Profondément enthousiaste vis-à-vis du Concile, le futur Benoît XVI n’a jamais caché qu’il avait très mal vécu la réforme liturgique et surtout son application brutale. Il n’a jamais pensé que la mise en œuvre de la réforme liturgique devait passer par l’abolition pure et simple, ainsi que par la brutale interdiction de la messe tridentine.
Dans ce sens, l’une de ses premières mesures comme pape, et en tous les cas, l’une des plus visibles, fut en 2007 la publication du motu proprio Summorum Pontificum
par lequel il rendait possible pour tout prêtre la célébration de la messe traditionnelle. Il soulignait qu’elle n’avait jamais été abrogée et qu’elle constituait l’une des formes (la forme extraordinaire) de l’unique rite romain.
Ce motu proprio répondait aussi à l’une des demandes de la Fraternité Saint-Pie X comme signe pour reprendre avec le Saint-Siège des discussions en vue du règlement de sa situation. L’autre demande était la levée de l’excommunication des quatre évêques sacrés par le fondateur d’Écône que le Saint-Père a bien voulu effectuée, après un geste de reconnaissance de son autorité par Mgr Fellay. Les interférences, nées des déclarations de l’un des évêques (Mgr Williamson) concernant le nombre de morts juifs dans les camps de concentration nazis pendant la Seconde Guerre mondiale, devaient créer un climat de suspicion contre le Pape et conduisit celui-ci à placer le règlement de la situation de la Fraternité Saint-Pie X sous la responsabilité de la Congrégation de la Doctrine de la foi. C’était aussi le constat public qu’un désaccord doctrinal demeurait et que celui-ci ne pourrait être résolu si on l’évacuait entièrement.

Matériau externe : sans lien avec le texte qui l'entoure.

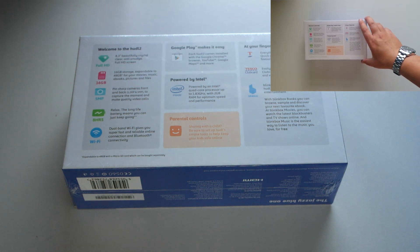It's also got an Intel processor onboard — a 1.8GHz quad-core. You've got everything to do with Tesco: banking, insurance, club card, and link box are all available on this tablet.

De ce fait, le Saint-Siège et la Fraternité Saint-Pie X ont entamé en 2009 des discussions doctrinales sur les points litigieux concernant le concile Vatican II. Loin de résoudre ces problèmes, les discussions devaient se terminer en 2011 sur le constat d’un désaccord sur plusieurs aspects de Vatican II. Mais il était constaté également que ce désaccord prenait appui du côté de la Fraternité Saint-Pie X sur des positions théologiques anciennes et non pas sur des hérésies. De ce fait, bien que les désaccords n’étaient pas réglés, il n’y avait plus aucune raison de ne pas considérer les membres de la Fraternité Saint-Pie X comme des catholiques, dans la mesure où ils ne rejetaient ni Vatican II, interprété de manière traditionnelle, ni la validité de la forme ordinaire.
Ce constat a été facilité également par le fait qu’avec son discours de décembre 2005, Benoît XVI avait appelé à une réévaluation du concile Vatican II, laquelle entrera dans une nouvelle phase avec l’Année de la foi qui s’ouvrira en octobre prochain.
Si le Pape est le grand artisan de cet accord, le mérite de Mgr Fellay ne doit pas être diminué. Jusqu’au bout, il a subi des pressions internes visant à l’empêcher de signer un accord avec le Saint-Siège.